西海のうず潮跨ぐ 銀色のアーチ        「長崎県」の目次へ

 初代の西海橋は、大村湾口の針尾瀬戸に、昭和30年(1955) 架橋された固定式アーチ橋で、アーチ間216mは建設当時、東洋一。世界第3位やった。

 完成した途端に、アーチの美しさと公園の桜、うず潮などの条件が揃うとって、あっという間に長崎の一大観光地になった。



 自殺の名所としても有名になったため、のちには飛び込み防止のネットがつけられたほどやった。 


 西海橋。正式には鋼道路橋・上路式鋼ブレースドリブ固定アーチていうとゲナ。全長316m。アーチの径間216m。海面からの高さ43m。巾7.5m。初めは有料道路やったけど、昭和45年(1970)からタダになった。15年間で元取ったていう訳。

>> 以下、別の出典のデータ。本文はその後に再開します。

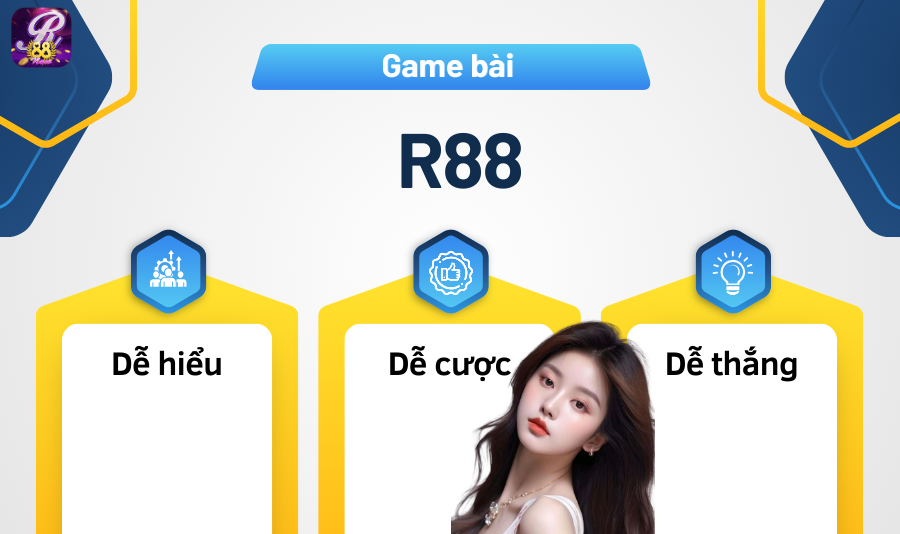 Game bài đổi thưởng R88 giúp hội viên thắng hiệu quả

 西海橋が架かっとる針尾(伊ノ浦)の瀬戸は、佐世保、大村両湾の満潮、干潮の時間が、約3時間もずれるために潮の流れが速く
「うず潮」が起こる。

 潮の流れは最大で9ノット(時速約17キロ)うず潮の直径は、最大で10mにもなる。橋がでけた当時の大潮の時期には、観光客が押し寄せて、その人気は大変なもんやった。「深く巻いては沈み、大きく浮かんでは消える」ていえば、なんか文学的バッテン、大小のうず潮は、いつ見ても引き込まれそうで、いつまで見ても飽きん。うず潮の起こらん穏やかな時間帯は、絶好の釣り場になっとった。

 50年経っても旧西海橋は美しか。

 こんどでけた新西海橋よりも凛として見える。

 それもそのはず、この橋で成功したもんやケン、1962年の 若戸大橋、1973年の関門大橋、本四架橋などが次々に作られていったとタイ。

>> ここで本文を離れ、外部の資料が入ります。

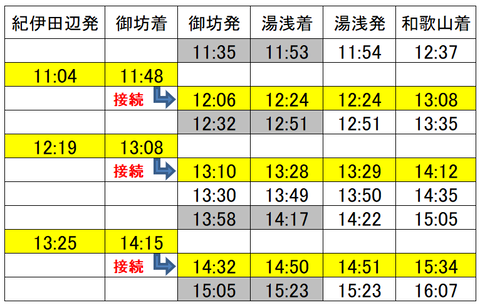 紀伊田辺~和歌山2021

 いうならば、日本の近代橋梁の元祖みたいな記念すべき橋よ。


 橋がでけた翌年の、昭和31年(1956)には、東宝映画の「空の大怪獣ラドン」にさっそく西海橋が出てきて、ラドンにヒチャガチャくずされてしまう設定やった。
 この映画ば見た地元の子が泣きだした、て話題になったことがある。

 2006年3月5日。西海パールラインの一部として新西海橋が開通した。西海パールラインは1999年から、佐世保市江上町〜針尾東町の2.2kmが供用されとったケン、これで西彼市まで繋がったことになる。
 ハウステンボスやら西海橋公園へのアクセス向上と、西海橋の渋滞緩和が目的ていいなるバッテン、景観的には針尾の景色ば台無しにした。

 また橋の色使いも悪か。曇りの日やらは、「どこにあるとか分からんごたあ
ねぼけ色」で、これば「国交省色」ていうとやろうか。

 歩道は車道の下にぶら下がっとって、両サイド全面ば金網で囲うてあるケン、動物園のオリの中ば歩かせられよるような錯覚に陥る。車道は西海パールラインの一部やケン、200円の通行料ば取られるが、オリの歩道はタダ。ただし夜は閉鎖される。

 歩道橋の中央部に、強化ガラスで作った直径60cmの窓がある。
うず潮ば見るためげなバッテン、ガラスがあると分かっとっても、この上に立つと背筋に快感が走る。
 うず潮の見られる詳しい時間表が掲示してあって、うず潮の出るとばテレーッと待っとる、のんきな観光客もおんなった。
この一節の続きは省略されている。